AKA: Lincoln High School, San Francisco, CA
Structure Type: built works - public buildings - schools - high schools
Designers: Early, Fred J., Jr., Company, Building Contractors (firm); Meyer, Peugh, Pflueger and Rist, Architects (firm); Weihe, Frick and Kruse, Architects (firm); Frederick Jubal Early Jr. (building contractor); Edward Louis Frick (architect); Lawrence Anthony Kruse Sr. (architect); Frederick Herman Meyer (architect); Wilbur David Peugh (architect); Timothy Ludwig Pflueger (architect); Martin Joseph Rist Sr. (architect); Ernest Edward Weihe (architect)

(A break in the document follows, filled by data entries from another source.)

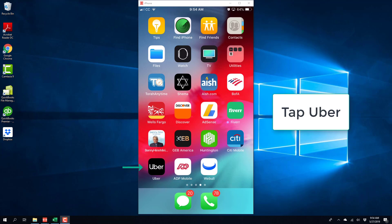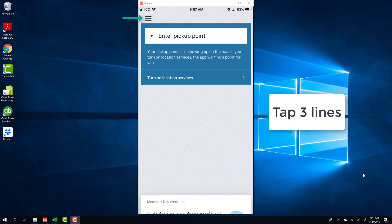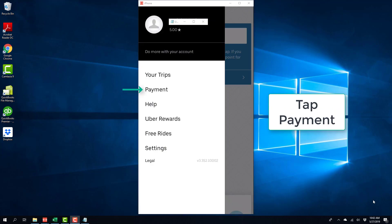So in order to do that, tap on the Uber app and then tap on the three lines on the top left and on the screen tap on the payment tab.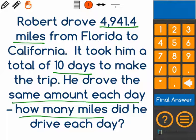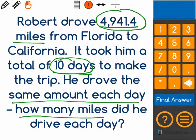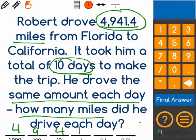We know he drove the same amount, and the total amount he drove was 4,941.4 divided into 10 days. So what I'm going to do is get out my place value markers and have this number written down on those markers. It may be a little difficult to see, but I'm going to write the 4,941.4 miles.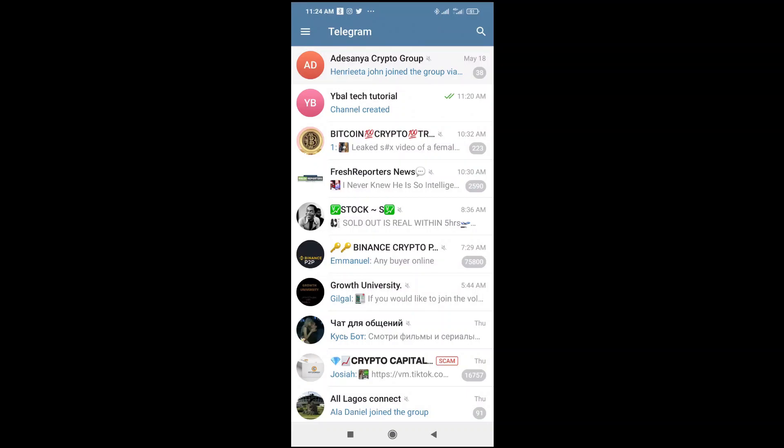Good day everyone. In this video today, I will show you how to see pinned messages in Telegram.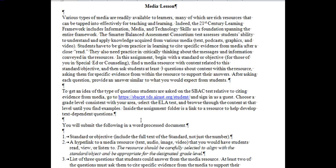The media-based lesson kind of aligns with the Smarter Balanced assessment testing, where students are asked to cite evidence in the passages they read, the podcasts they listen to, and the videos they see on the test itself — so this gives some practice with that. There are all kinds of resources out there right now, and one of the things we have to do as teachers is give students very concrete opportunities to demonstrate their understanding of content, and that's what this assignment is designed to do.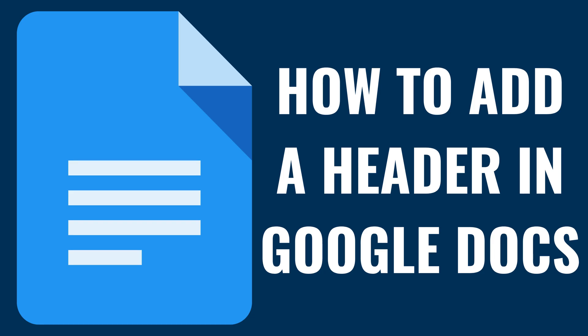I'm Max Dalton, and in this video I'll show you how to add a header in Google Docs.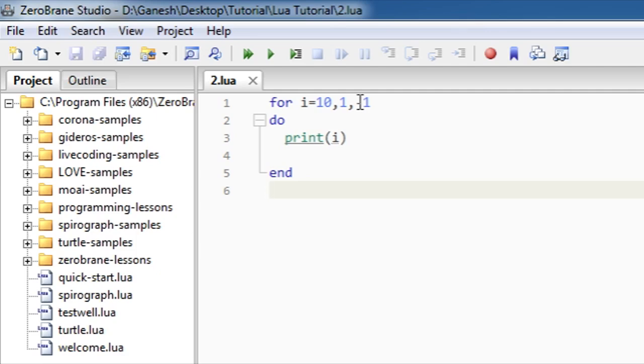I hope you understood the for loop in Lua programming language. If you have any question or query regarding to this thing, then you can ask me in the comment section below. Well, thanks for watching the video and don't forget to subscribe to my channel for getting updates with my channel.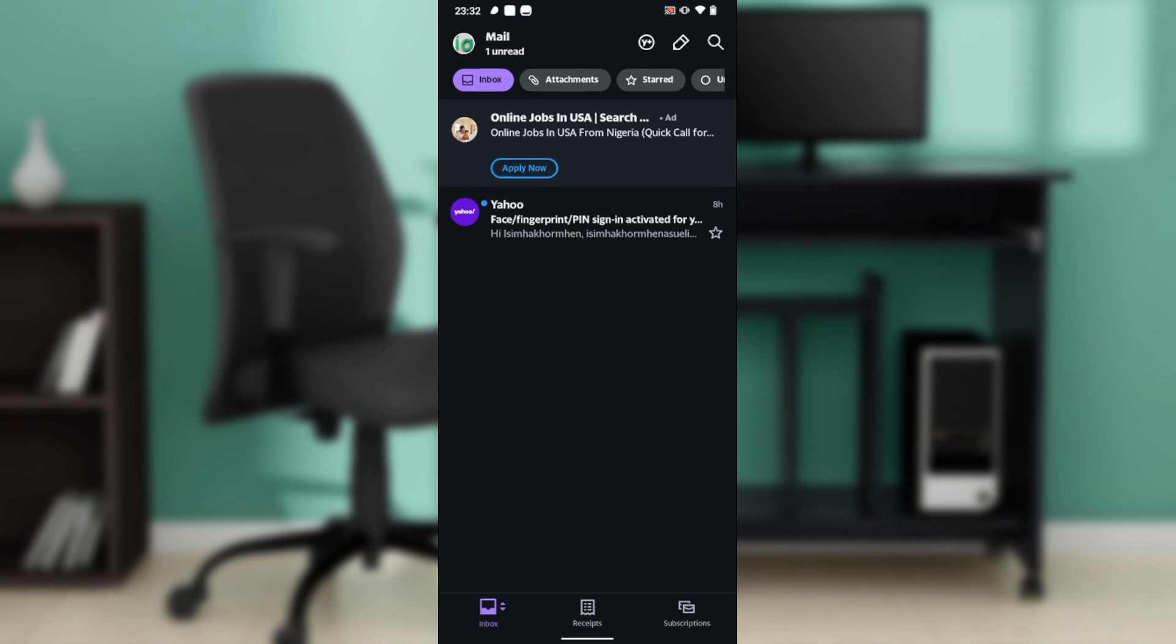Once you're done, click on next and it takes you to the next page where you have to add your phone number. But once you add the phone number, you're going to have to verify the phone number.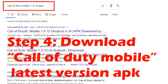Step number four is that you have to download the Call of Duty Mobile latest version APK. To do so, go to the browser again and search for Call of Duty Mobile with the latest version. Currently the latest version is 1.0.12.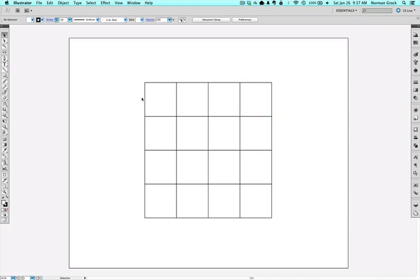Now you've got a grid set up perfectly for whatever application you need. I use this a lot when I do graphic design and need things spaced out perfectly. I also use it when I'm doing comic book panels.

Dates: constructed 1938-1940
3 stories
Overview
Building History
A web site published by Lincoln High School indicated: "Abraham Lincoln High School came into existence on Tuesday, 08/27/1940, accepting approximately 950 students under Lincoln’s first Principal, Clyde W. White. Its opening and dedication ceremony was held on 09/22/1940. The result of a 1938 bond measure approved by San Francisco voters to address the increasing population in the Western San Francisco area, Abraham Lincoln High School was incorporated into a modern three-story building that was completed at a cost of over $750,000 in 1940 with just 50 classrooms, a cafeteria, a football field, and a library. A little known fact is that the North and South Gymnasiums, the auditorium, and the bungalow expansion were completed much later as separate projects." (See "History of ALHS Overview :Lincoln History,"
Alteration
North and South Gymnasiums and an auditorium were built after 1940. Weihe, Frick and Kruse, Architects, the successor San Francisco, CA, firm of Bakewell and Weihe, designed a unit of Lincoln High School between 1952-1954.